Vecchio regime dei minimi fino al 30 gennaio 2015

Come sempre accade in Italia, sulle questioni tributarie e fiscali si fanno sempre dei grandi polveroni. Non sfugge a questa regola neppure la telenovela sul nuovo regime dei minimi.

Il passaggio a una tassazione agevolata triplicata al 15% dal vecchio 5% ha spinto il ministro del Lavoro Poletti a gettare acqua sul fuoco, anziché benzina: “Sugli aspetti fiscali del nuovo regime dei minimi – ha detto – sarà il ministero dell’Economia a predisporre opportune modifiche, mentre per gli aspetti previdenziali confermo e mi impegno ad adottare i necessari interventi.

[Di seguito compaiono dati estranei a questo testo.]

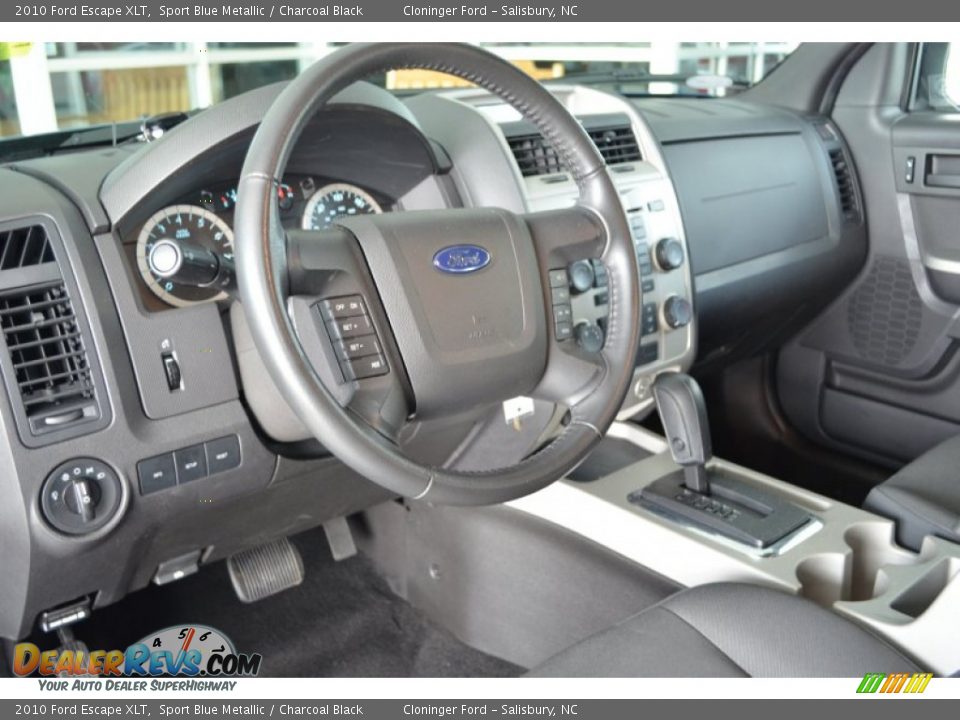 2010 Ford Escape XLT Sport Blue Metallic / Charcoal Black Photo #11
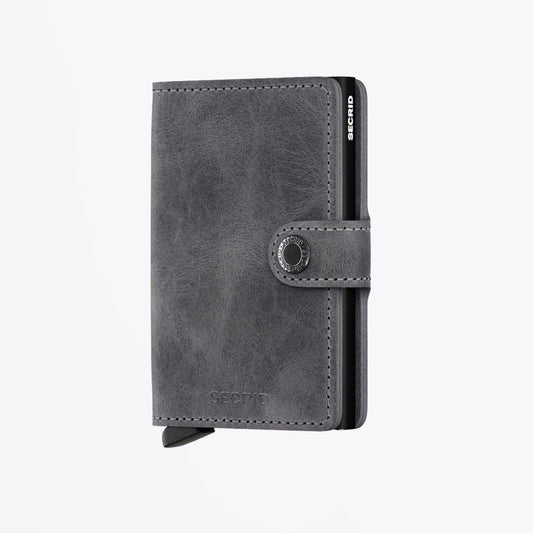 Miniwallet - Vintage Grey Black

Posso anticipare la mia intenzione di incontrare le associazioni e le figure professionali interessate da questo provvedimento nei prossimi giorni per superare i profili critici”.

E, dopo che il premier Renzi ha parlato di “clamoroso autogol”, ecco la possibilità di rientrare nel vecchio regime dei minimi entro il 30 gennaio 2015 a patto che, assicura l’Agenzia delle Entrate, si posseggano i requisiti soggettivi e oggettivi, si chieda di potersi avvalere del regime agevolato previsto dal dl n.98/2011 abrogato dalla Legge di Stabilità 2015 (art.1, comma 85, lettera b, legge n. 190/ 2014) e si dichiari come data di inizio attività il 31 dicembre 2014.

Infatti la legge consente di rientrare nel vecchio regime dei minimi in quanto prevede 30 giorni di tempo per i soggetti che intraprendono l’esercizio di un’impresa per darne comunicazione all’Agenzia delle Entrate. Si tratta dell’art. 35 del dpr n. 633/1972, che lascia così una scappatoia grazie alla quale evitare il nuovo regime dei minimi per le attività avviate il 31 dicembre 2014. 

Quello che tutto il mondo professionale si aspetta è però una revisione delle aliquote dei professionisti iscritti nella gestione separata che per il 2015 hanno subito l’impennata vergognosa; se non all’aliquota del vecchio regime dei minimi, al massimo a un 10%. Magari già negli emendamenti che saranno presentati al decreto Milleproroghe, in occasione del quale il sottosegretario all’Economia Enrico Zanetti (che già si era battuto per lasciare le vecchie aliquote) ha proposto la proroga del vecchio regime dei minimi anche per il 2015.

 

Quello che è certo è che sul nuovo regime dei minimi si è consumata una delle figure peggiori di un esecutivo che, al netto delle enormi difficoltà nelle quali si è trovato a operare, non ha sempre brillato per lungimiranza nei confronti dei professionisti.